Lowering the threshold for passing scores on an exam may be about the worst way to achieve racial diversity in a workforce.

But Dayton had little choice. And the change isn’t as significant as some make it out to be. It doesn’t put unqualified police on the streets.

It puts more people in the police academy.

The situation: In a city that is 43 percent black, the police department is about 10 percent black. That’s a problem. It invites bad race relations. When a racial incident happens, it puts the police department on the defensive. And the lack of diversity deprives the police department of views the organization needs to hear.

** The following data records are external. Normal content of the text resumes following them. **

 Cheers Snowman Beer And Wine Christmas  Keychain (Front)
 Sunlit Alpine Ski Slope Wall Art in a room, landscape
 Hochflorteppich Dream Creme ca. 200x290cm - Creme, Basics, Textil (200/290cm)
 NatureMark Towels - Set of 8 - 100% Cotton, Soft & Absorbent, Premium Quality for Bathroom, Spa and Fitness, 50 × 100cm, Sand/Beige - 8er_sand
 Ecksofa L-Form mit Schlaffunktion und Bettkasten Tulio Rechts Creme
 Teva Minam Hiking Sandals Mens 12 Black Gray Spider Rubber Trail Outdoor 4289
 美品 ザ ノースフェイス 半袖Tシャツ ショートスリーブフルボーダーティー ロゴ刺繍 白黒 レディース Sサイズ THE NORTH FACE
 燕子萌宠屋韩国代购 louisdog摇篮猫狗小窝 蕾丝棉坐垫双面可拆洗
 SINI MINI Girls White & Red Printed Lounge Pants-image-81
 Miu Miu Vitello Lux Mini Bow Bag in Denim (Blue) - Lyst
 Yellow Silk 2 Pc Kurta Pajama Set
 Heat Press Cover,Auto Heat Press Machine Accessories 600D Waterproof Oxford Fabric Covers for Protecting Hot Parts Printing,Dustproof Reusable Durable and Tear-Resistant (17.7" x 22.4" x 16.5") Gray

Several city administrations have genuinely tried to recruit more minorities, but haven’t found the way. A couple of years ago, the U.S. Justice Department, enforcing a 40-year-old civil rights act, fined the city $600,000 and told it to get another test for police and fire applicants. The money went to people who failed the test previously, on the grounds that it was a flawed test.

The city gave a new police test last November. About 25 percent of the black applicants passed, about the same as last time.

At this stage, the Department of Justice could again tell the city to get another test. But the city is in a hurry to hire new officers, because the force is dwindling dramatically below what city officials want. And fining the city again would not move the city toward diversity.

So Justice might have given up. But it has seen minority hiring rise in other cities under its pressure, with few indications that the new hires are unqualified. So it was skeptical that Dayton had found the best way to proceed.

Justice opted for something between giving up and requiring a new test. To keep the process moving, it called for lowering the passing score on the tests to 58 percent on one part and 63 percent on the other (down from 66 percent and 72 percent).

Cries have gone up all over. Even people who have pushed for diversity said this was an insult to blacks. As for people who have always opposed pushes for diversity — don’t even ask. The story has won national attention.

But the city’s only alternative to agreeing to a lower passing score was to tempt the Justice Department to take it to court. That would be another delay that nobody wants.

The written tests are just part of the hiring process. There’s an interview and, of course, another serious hurdle: the police academy. (And that’s not to mention the background check, lie-detector check and such).

Moreover, written tests are not best viewed as holy script. Professor Kimberly West-Faulkin teaches a course in testing and the law at Loyola Law School in Los Angeles and comments for the African-American Policy Institute, a liberal-leaning think tank. She is a believer that testing has its place.

But “they don’t tell us everything,” she says, noting that testing has seen little progress over the years in its ability to predict how well a person will do a job. She says that employers are generally not asked to prove that their tests are good until somebody raises an issue.

In civil service, tests came to have a central role as an alternative to reliance on political influence in hiring decisions. That was a major step forward. However, when tests become a hindrance to the accomplishment of common-sense goals, it’s time to worry about excessive rigidity.

Under exceptional circumstances, the lowering of standards by a few points on one aspect of a complex hiring process ought not be considered unthinkable.

Still, Dayton needs to search for a better way, a way that doesn’t raise as many questions. As Dayton Fraternal Order of Police President Randy Beane and others have said, the city needs to be reaching into local schools early, developing relationships, planting the idea of a police career in young minds.

Achieving racial balance on the police department is still in the interest of the whole city.